Hacker News new | ask | show | jobs
by findjashua 2435 days ago
Kafka streams can solve this use case fairly well - though setting up & managing infra may be a bit more than what you'd want to deal with for a hobby project
1 comments

+1, or use any other log-based replication mechanism (e.g. Logstash). The point is that instead of having two independent systems that can easily go out of sync (if not using distributed transactions) and become permanently incostistent with each other, you'll now have the database as the primary source of data (commonly referred to as the system of record) and Elasticseach as a secondary, eventually consistent search index. This approach sacrifices read-your-writes consistency though, but for a search index this can be tolerated.
If the database is the primary source of data, how do you get the data from there into the log-based replication method? I assumed the OP meant you'd write to Kafka, and the messages would be processed twice: once to write to the DB, and once to ElasticSearch.
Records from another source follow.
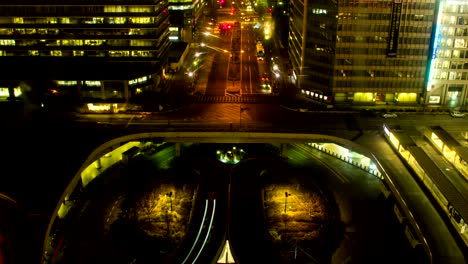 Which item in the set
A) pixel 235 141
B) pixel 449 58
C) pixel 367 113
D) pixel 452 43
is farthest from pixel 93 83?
pixel 452 43

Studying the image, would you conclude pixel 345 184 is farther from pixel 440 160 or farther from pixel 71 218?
pixel 71 218

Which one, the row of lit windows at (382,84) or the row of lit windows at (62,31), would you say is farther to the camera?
the row of lit windows at (62,31)

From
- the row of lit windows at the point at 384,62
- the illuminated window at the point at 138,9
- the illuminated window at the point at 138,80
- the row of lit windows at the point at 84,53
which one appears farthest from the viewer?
the row of lit windows at the point at 84,53

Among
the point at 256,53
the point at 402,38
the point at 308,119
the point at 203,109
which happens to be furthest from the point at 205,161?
the point at 256,53

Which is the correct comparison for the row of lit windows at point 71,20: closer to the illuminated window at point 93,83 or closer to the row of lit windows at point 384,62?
the illuminated window at point 93,83

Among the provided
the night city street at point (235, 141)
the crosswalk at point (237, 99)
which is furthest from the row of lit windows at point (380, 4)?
the crosswalk at point (237, 99)

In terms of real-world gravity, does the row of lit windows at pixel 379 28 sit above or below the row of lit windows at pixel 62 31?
above

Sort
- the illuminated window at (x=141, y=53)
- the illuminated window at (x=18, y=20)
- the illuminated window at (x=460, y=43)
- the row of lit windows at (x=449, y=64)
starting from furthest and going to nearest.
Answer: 1. the illuminated window at (x=141, y=53)
2. the illuminated window at (x=18, y=20)
3. the row of lit windows at (x=449, y=64)
4. the illuminated window at (x=460, y=43) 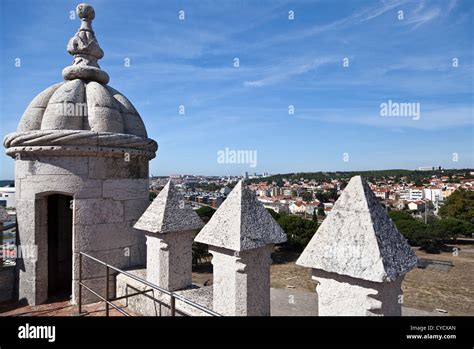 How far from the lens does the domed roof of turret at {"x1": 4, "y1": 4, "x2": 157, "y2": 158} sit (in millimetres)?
5500

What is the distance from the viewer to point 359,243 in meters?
2.61

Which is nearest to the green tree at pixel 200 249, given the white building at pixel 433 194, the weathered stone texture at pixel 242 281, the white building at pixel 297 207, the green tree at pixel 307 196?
the weathered stone texture at pixel 242 281

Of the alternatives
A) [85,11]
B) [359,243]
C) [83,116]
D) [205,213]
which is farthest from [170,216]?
[205,213]

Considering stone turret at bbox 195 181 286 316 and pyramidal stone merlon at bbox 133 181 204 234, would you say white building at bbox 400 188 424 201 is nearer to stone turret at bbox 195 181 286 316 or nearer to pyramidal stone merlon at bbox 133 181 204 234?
pyramidal stone merlon at bbox 133 181 204 234

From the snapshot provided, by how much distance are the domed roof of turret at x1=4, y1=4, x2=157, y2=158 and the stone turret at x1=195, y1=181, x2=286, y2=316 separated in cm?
294

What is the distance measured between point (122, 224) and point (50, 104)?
2.54 m

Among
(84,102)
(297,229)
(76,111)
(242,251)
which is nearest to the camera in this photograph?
(242,251)

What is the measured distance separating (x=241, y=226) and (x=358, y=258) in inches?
53.8

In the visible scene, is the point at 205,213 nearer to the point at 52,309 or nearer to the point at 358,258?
the point at 52,309

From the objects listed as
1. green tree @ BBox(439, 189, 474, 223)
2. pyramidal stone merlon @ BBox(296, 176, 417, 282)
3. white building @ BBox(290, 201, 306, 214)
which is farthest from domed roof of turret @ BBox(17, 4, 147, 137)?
white building @ BBox(290, 201, 306, 214)

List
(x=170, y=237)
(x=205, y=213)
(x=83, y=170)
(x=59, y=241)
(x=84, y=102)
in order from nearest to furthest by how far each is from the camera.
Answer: (x=170, y=237) < (x=83, y=170) < (x=84, y=102) < (x=59, y=241) < (x=205, y=213)

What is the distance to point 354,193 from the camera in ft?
9.24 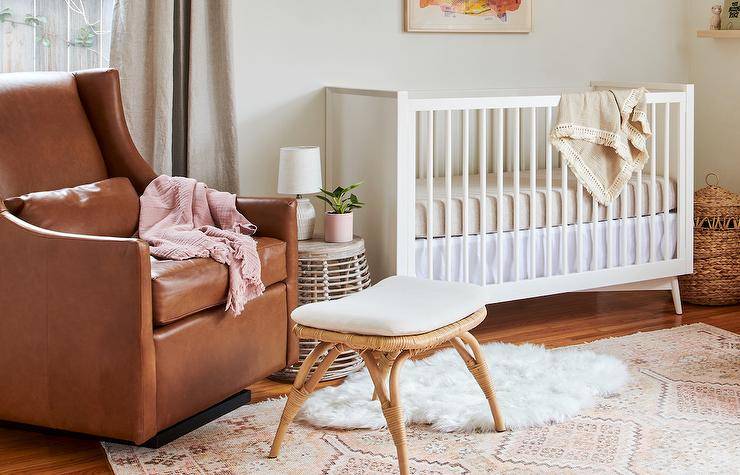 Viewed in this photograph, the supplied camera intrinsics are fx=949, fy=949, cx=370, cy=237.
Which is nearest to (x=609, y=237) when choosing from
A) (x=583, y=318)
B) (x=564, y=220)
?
(x=564, y=220)

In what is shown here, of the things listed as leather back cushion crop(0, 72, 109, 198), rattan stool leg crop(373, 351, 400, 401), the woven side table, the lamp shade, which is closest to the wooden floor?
the woven side table

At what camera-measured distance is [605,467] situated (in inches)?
90.7

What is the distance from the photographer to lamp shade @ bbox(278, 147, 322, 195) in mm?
3104

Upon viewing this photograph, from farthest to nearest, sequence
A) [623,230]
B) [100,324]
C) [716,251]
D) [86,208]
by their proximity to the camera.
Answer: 1. [716,251]
2. [623,230]
3. [86,208]
4. [100,324]

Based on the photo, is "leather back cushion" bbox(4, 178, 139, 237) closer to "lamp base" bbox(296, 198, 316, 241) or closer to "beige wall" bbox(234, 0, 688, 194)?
"lamp base" bbox(296, 198, 316, 241)

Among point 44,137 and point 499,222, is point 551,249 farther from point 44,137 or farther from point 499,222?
point 44,137

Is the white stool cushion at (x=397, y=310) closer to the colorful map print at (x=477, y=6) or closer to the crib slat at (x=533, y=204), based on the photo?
the crib slat at (x=533, y=204)

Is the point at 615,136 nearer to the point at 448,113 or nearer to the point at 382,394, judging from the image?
the point at 448,113

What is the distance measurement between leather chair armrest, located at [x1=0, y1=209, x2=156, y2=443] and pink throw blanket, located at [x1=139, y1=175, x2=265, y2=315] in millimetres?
262

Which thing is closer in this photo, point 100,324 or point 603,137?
point 100,324

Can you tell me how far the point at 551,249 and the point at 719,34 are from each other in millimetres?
1496

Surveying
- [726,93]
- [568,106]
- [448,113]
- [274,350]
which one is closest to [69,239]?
[274,350]

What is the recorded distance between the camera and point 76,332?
7.57 feet

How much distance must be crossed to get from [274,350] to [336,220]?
0.52m
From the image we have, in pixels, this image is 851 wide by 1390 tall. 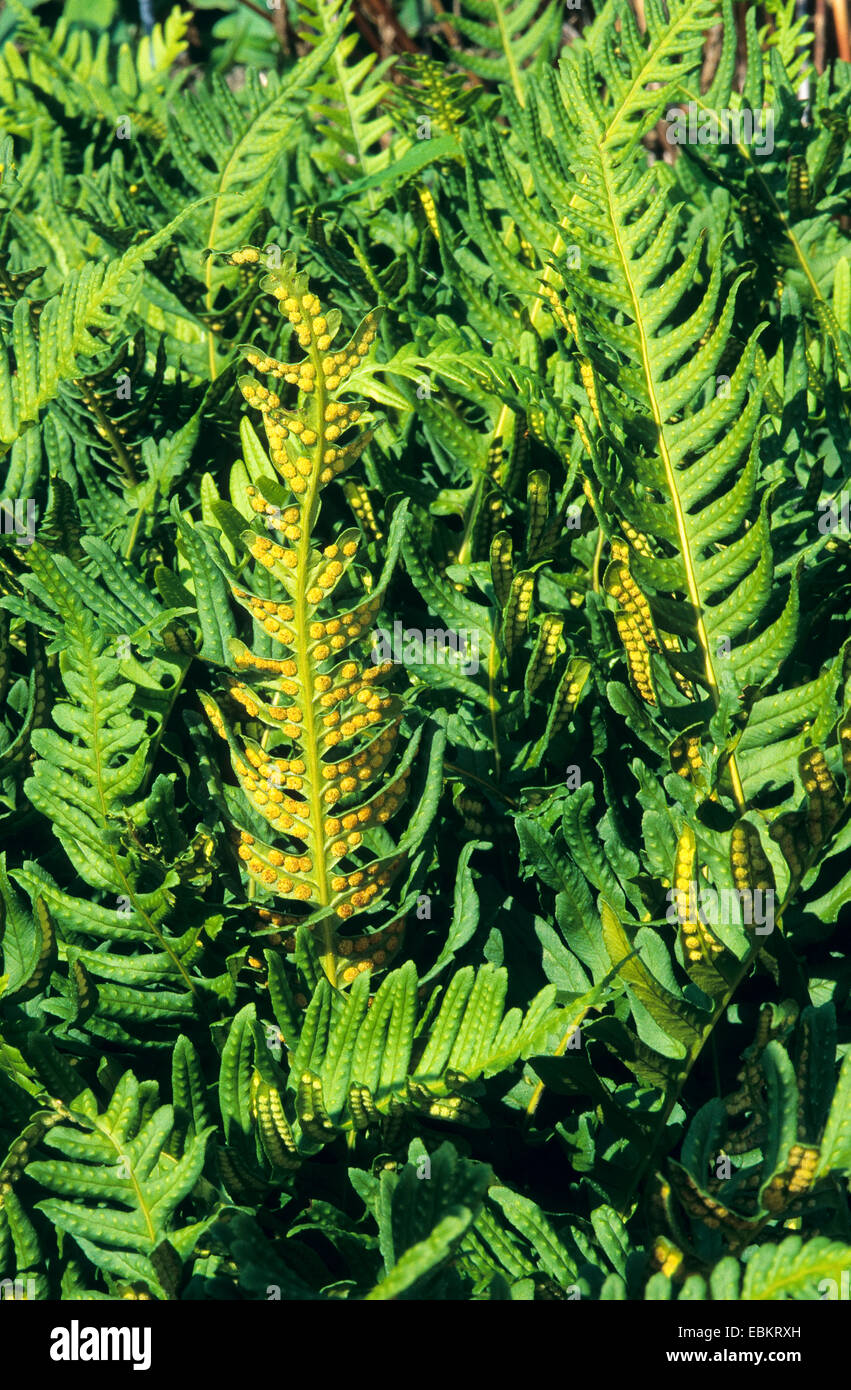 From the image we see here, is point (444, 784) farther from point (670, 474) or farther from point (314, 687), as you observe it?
point (670, 474)

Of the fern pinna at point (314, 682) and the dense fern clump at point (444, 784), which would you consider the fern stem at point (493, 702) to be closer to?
the dense fern clump at point (444, 784)

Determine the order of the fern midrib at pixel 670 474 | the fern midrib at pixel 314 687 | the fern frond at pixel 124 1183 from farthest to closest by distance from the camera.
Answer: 1. the fern midrib at pixel 670 474
2. the fern midrib at pixel 314 687
3. the fern frond at pixel 124 1183

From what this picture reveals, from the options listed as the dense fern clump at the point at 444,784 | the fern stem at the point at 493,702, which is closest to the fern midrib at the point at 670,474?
the dense fern clump at the point at 444,784

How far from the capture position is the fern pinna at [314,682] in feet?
4.17

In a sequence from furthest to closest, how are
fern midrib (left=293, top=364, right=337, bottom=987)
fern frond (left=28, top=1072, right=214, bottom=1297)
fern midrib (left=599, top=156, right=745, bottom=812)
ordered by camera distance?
fern midrib (left=599, top=156, right=745, bottom=812) < fern midrib (left=293, top=364, right=337, bottom=987) < fern frond (left=28, top=1072, right=214, bottom=1297)

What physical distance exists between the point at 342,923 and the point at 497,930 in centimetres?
21

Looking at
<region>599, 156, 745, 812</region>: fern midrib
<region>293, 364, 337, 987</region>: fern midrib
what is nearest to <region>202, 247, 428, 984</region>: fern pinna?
<region>293, 364, 337, 987</region>: fern midrib

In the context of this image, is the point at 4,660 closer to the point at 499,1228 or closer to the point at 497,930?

Not wanting to do that for a small project, but wanting a better architecture than I've got, I'm curious about your proposed approach.

Two possibilities: either the app writes both to database and Kafka (ideally using an atomic commit) or CDC is setup in Kafka to read database's transaction log (this is faster)

> you'd write to Kafka, and the messages would be processed twice: once to write to the DB, and once to ElasticSearch

This would be equivalent to using a message queue, which (in contrast to log-ordered replication) does not ensure same consistency guarantees (in this case (1) RYW for database writes and (2) database being always at least as up-to-date as the search index)